What is the difference between thread per connection vs thread per request? - java

Can you please explain the two methodologies which has been implemented in various servlet implementations:
Thread per connection
Thread per request
Which of the above two strategies scales better and why?

Which of the above two strategies scales better and why?
Thread-per-request scales better than thread-per-connection.
Java threads are rather expensive, typically using a 1Mb memory segment each, whether they are active or idle. If you give each connection its own thread, the thread will typically sit idle between successive requests on the connection. Ultimately the framework needs to either stop accepting new connections ('cos it can't create any more threads) or start disconnecting old connections (which leads to connection churn if / when the user wakes up).
HTTP connection requires significantly less resources than a thread stack, although there is a limit of 64K open connections per IP address, due to the way that TCP/IP works.
By contrast, in the thread-per-request model, the thread is only associated while a request is being processed. That usually means that the service needs fewer threads to handle the same number of users. And since threads use significant resources, that means that the service will be more scalable.
(And note that thread-per-request does not mean that the framework has to close the TCP connection between HTTP request ...)
Having said that, the thread-per-request model is not ideal when there are long pauses during the processing of each request. (And it is especially non-ideal when the service uses the comet approach which involves keeping the reply stream open for a long time.) To support this, the Servlet 3.0 spec provides an "asynchronous servlet" mechanism which allows a servlet's request method to suspend its association with the current request thread. This releases the thread to go and process another request.
If the web application can be designed to use the "asynchronous" mechanism, it is likely to be more scalable than either thread-per-request or thread-per-connection.
FOLLOWUP
Let's assume a single webpage with 1000 images. This results in 1001 HTTP requests. Further let's assume HTTP persistent connections is used. With the TPR strategy, this will result in 1001 thread pool management operations (TPMO). With the TPC strategy, this will result in 1 TPMO... Now depending on the actual costs for a single TPMO, I can imagine scenarios where TPC may scale better then TPR.
I think there are some things you haven't considered:
The web browser faced with lots of URLs to fetch to complete a page may well open multiple connections.
With TPC and persistent connections, the thread has to wait for the client to receive the response and send the next request. This wait time could be significant if the network latency is high.
The server has no way of knowing when a given (persistent) connection can be closed. If the browser doesn't close it, it could "linger", tying down the TPC thread until the server times out the connection.
The TPMO overheads are not huge, especially when you separate the pool overheads from the context switch overheads. (You need to do that, since TPC is going to incur context switches on a persistent connections; see above.)
My feeling is that these factors are likely to outweigh the TPMO saving of having one thread dedicated to each connection.

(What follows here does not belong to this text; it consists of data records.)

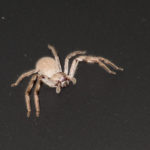 Spider at Kings Canyon Resort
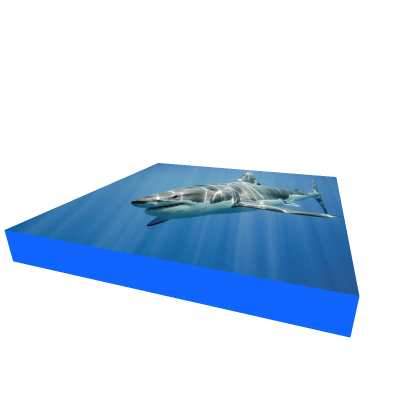 shark spawn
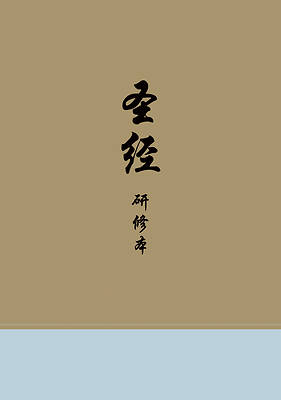 Picture of Chinese Study Bible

HTTP 1.1 - Has support for persistent connections which means more than one request/response can be received/sent using the same HTTP connection.
So to run those requests received using the same connection in parallel a new Thread is created for each request.
HTTP 1.0 - In this version only one request was received using the connection and the connection was closed after sending the response. So only one thread was created for one connection.

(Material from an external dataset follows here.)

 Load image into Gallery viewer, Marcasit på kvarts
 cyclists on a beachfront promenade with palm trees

Thread per connection is the Concept of reusing the same HTTP Connection from multiple requests(keep-alive).
Thread per requestwill create a thread for each request from a client.Server can create a number of threads as per request.

Thread per request will create a thread for each HTTP Request the server receives .
Thread per connection will reuse the same HTTP Connection from multiple requests(keep-alive) .AKA HTTP persistent connection
but please note that this supported only from HTTP 1.1
Thread Per Request is faster as most web container use Thread Pooling.
The number of maximum parallel connections you should set on the number of cores on your server.
More cores => more parallel threads .
See here how to configure...
Tomcat 6: http://tomcat.apache.org/tomcat-6.0-doc/config/executor.html
Tomcat 7: http://tomcat.apache.org/tomcat-7.0-doc/config/executor.html
Example

Thread per request should be better, because it reuses threads, while some client may be idle. If you have a lot of concurrent users, they could be served with a less number of threads and having equal number of thread would be more expensive. There is also one more consideration - we do not know if user is still working with application, so we cant know when to destroy a thread. With a thread per request mechanism, we just use a thread pool.

Related

Asynchronous JAX-RS

My doubt is regarding the working of the Asynchronous JAX-RS which is kind of new to me and I'm trying to grasp its advantage.
What I understand is that the client sends a request, the request is delegated from the requestor thread to the worker thread and once the processing is completed the response is sent back to the client using the AsyncResponse. What I've also understood is that throughout the process the client waits for a response from the server. (So as far as the client is concerned its the same as a normal Synchronous request)
It also states that as the request thread is sent to a worker thread for further processing and therefore by having this approach the I/O threads are free to accept new connections.
What I did not understand is, the client is still waiting for a response and therefore an active connection is still maintained between the client and server. Is this not maintained in an I/O thread? What does suspended mean here?
Also, even if the case is that the I/O thread is released because of the delegation of the process to a worker connection with the client is still up how can the server accept more and more connections then?
And my next question is about the thread pool used here. The I/O threads and worker threads are from different pools? are the worker/processor threads not coming from a pool managed by the server?
Because of my failure to understand this, my next pondering is, just having a separate pool for the I/O and the processing with the client connection still up is the same as having the I/O blocked with the processing inside right?
I haven't grasped this concept very well.
The thread pools in use in this scenario are:
The request processing pool, managed by the JAX-RS container (e.g. Jersey), and
The worker thread pool, typically managed by your own code.
There is possibly an IO thread associated with the connection, but that's an implementation detail that doesn't affect this.
When you use AsyncResponse, as soon as you return from your handle method, the request processing thread (from pool #1) is freed and can be used by the container to handle another request.
On to your questions:
"... how can the server accept more and more connections?" - it can accept more connections than if you do not use AsyncResponse for long-running requests, because you are freeing up one of your limited resources (threads in thread pool #1). The connection itself is not freed, and connections are also limited resources, so you can run out of those still (as well as possibly being limited by CPU or memory).
"are the worker/processor threads not coming from a pool managed by the server?" - not normally. See the example in the link from Paul Samsotha here - the application code creates a new thread itself. This is probably not how you would do it, you would most likely want to use an ExecutorService or similar, but the point is that you manage the "worker thread" yourself. The exception here is if you use Jersey's #ManagedAsync annotation.
Your last question should be answered by my answer to #1 - at a lower level there is still a resource associated with a connection, even if you are using AsyncResponse, but AsyncResponse does free up the container's request processing threads, which can be more limited in number than the maximum number of connections. You may choose to handle this problem by changing the server configuration instead of using AsyncResponse, but AsyncResponse has two advantages - it is under the application's control, and it is per-request instead of per-server.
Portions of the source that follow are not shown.